A logical system is decidable iff there exists an algorithm such that for every well-formed formula in that system there exists a maximum finite number N of steps such that the algorithm is capable of deciding in less than or equal to N algorithmic steps whether the formula is (semantically) valid or not valid.

Example: Propositional calculus is decidable, because there exists for it an algorithm — truth-table construction — such that for every formula which combines M atomic formulas there is a maximum number N = 2^M of steps such that after completing those N steps the algorithm will always decide whether the formula is valid or not. Here, a "step" of the algorithm has been (arbitrarily) defined as completion of a row of the truth-table.

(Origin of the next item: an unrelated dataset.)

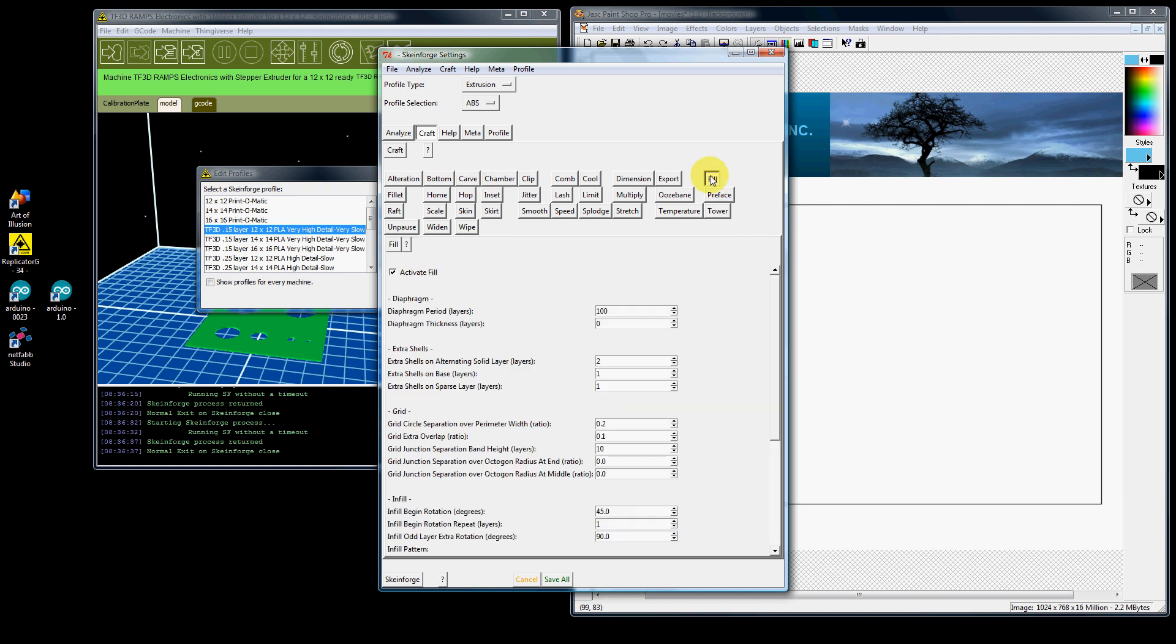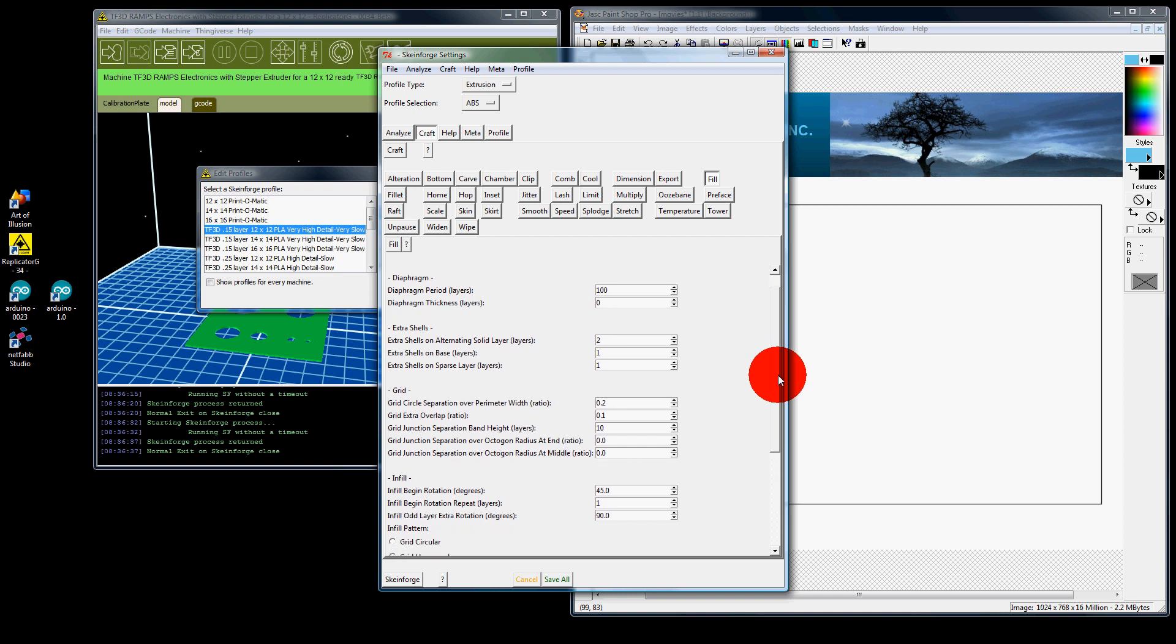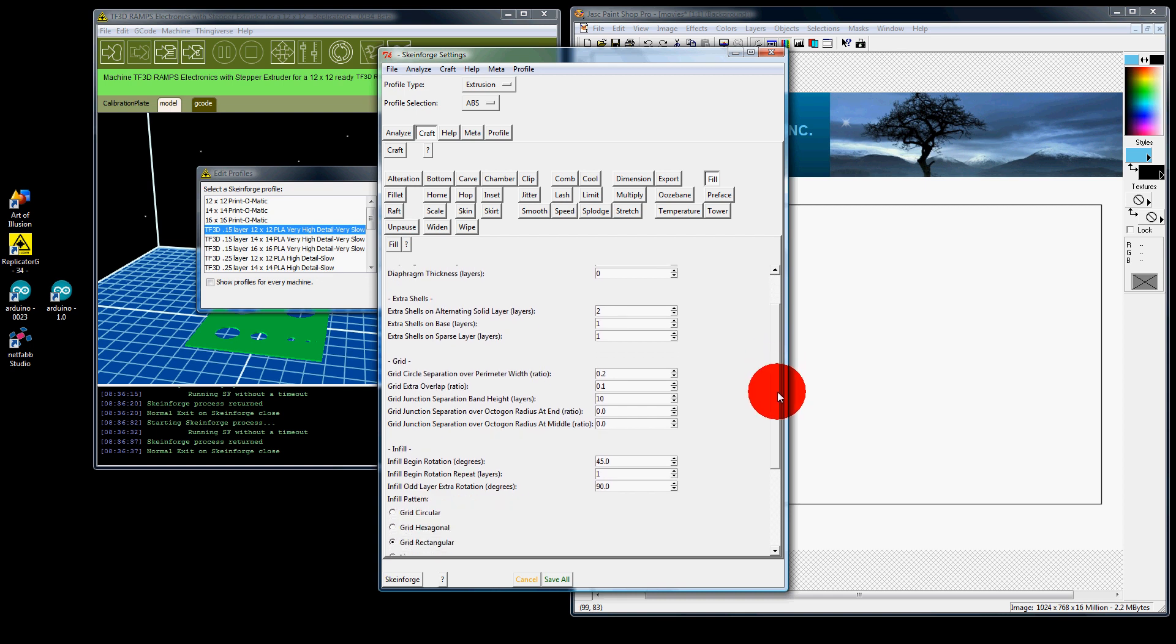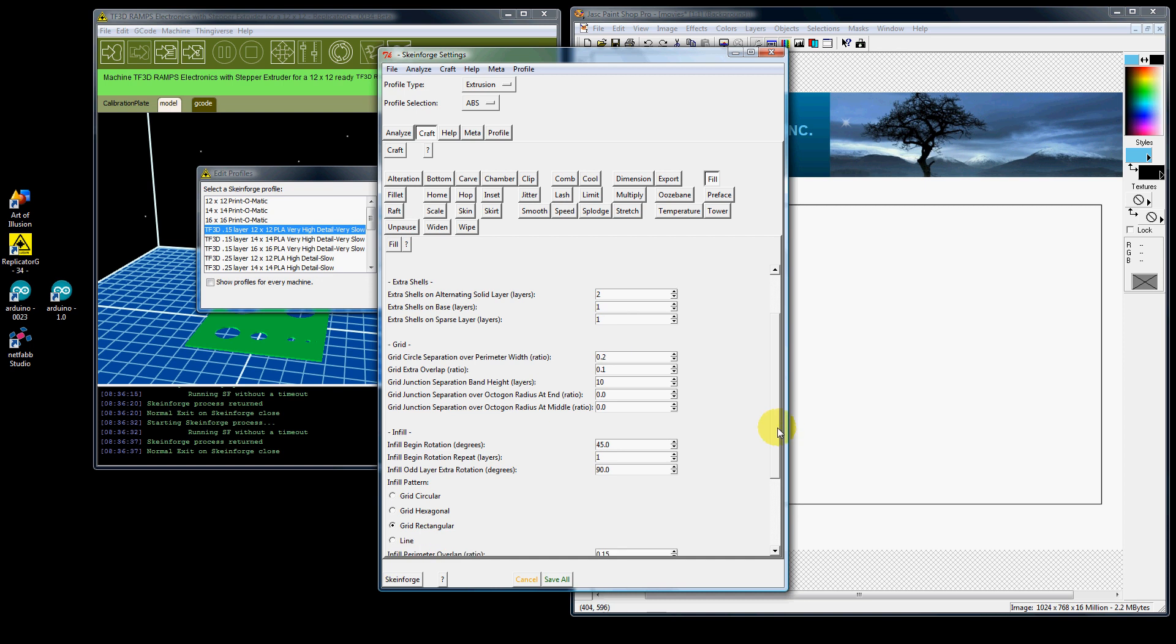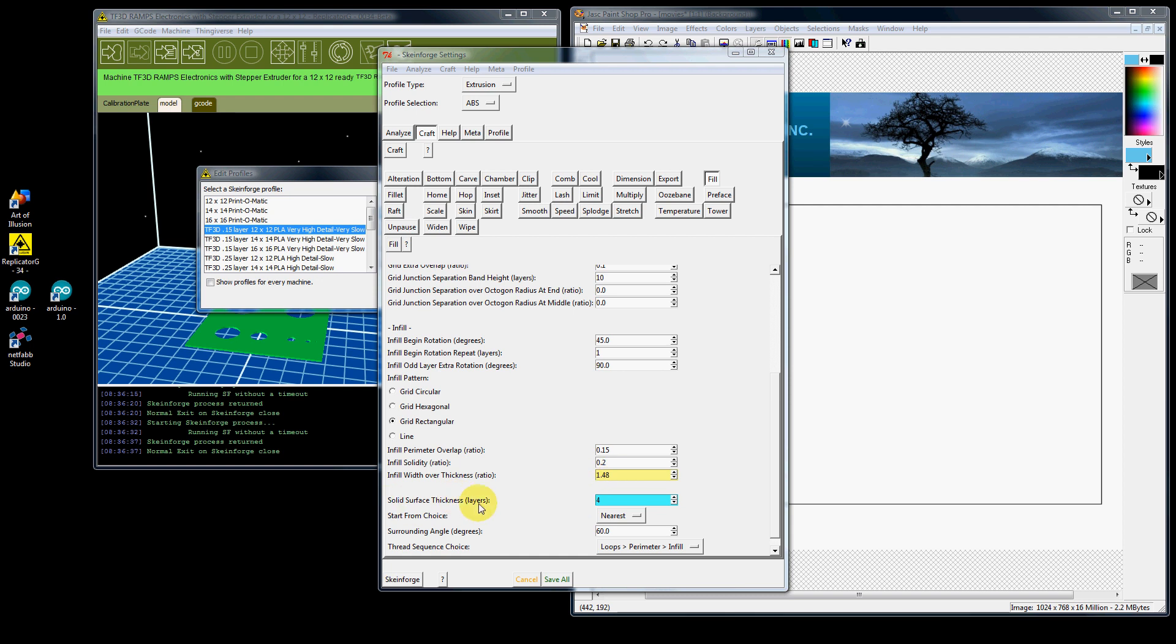Under fill you would want to change extra shells as needed and you would want to change your infill parameter overlap, possibly change your infill pattern. You would definitely want to change your infill width over thickness if you're changing your tip size. You could change your solid surface thickness and your thread sequence choice if you want.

If a system is undecidable, then there exist in it formulas which are not known to be either valid or invalid: perhaps such a formula can be categorized neither as valid or invalid. Such formulas are said to be "undecided."

If a formula in an undecidable logical system is undecided, then there is the option of adopting such formula as a new axiom of the system. Alternatively, it is also possible to adopt the negation of such undecided formula as a new axiom of an alternative system. The resulting pair of axiomatic systems would be mutually incompatible. Example: the parallel postulate.

First-order predicate calculus is decidable if confined to predicates with only one argument. If it includes predicates with two or more arguments, then it is not decidable.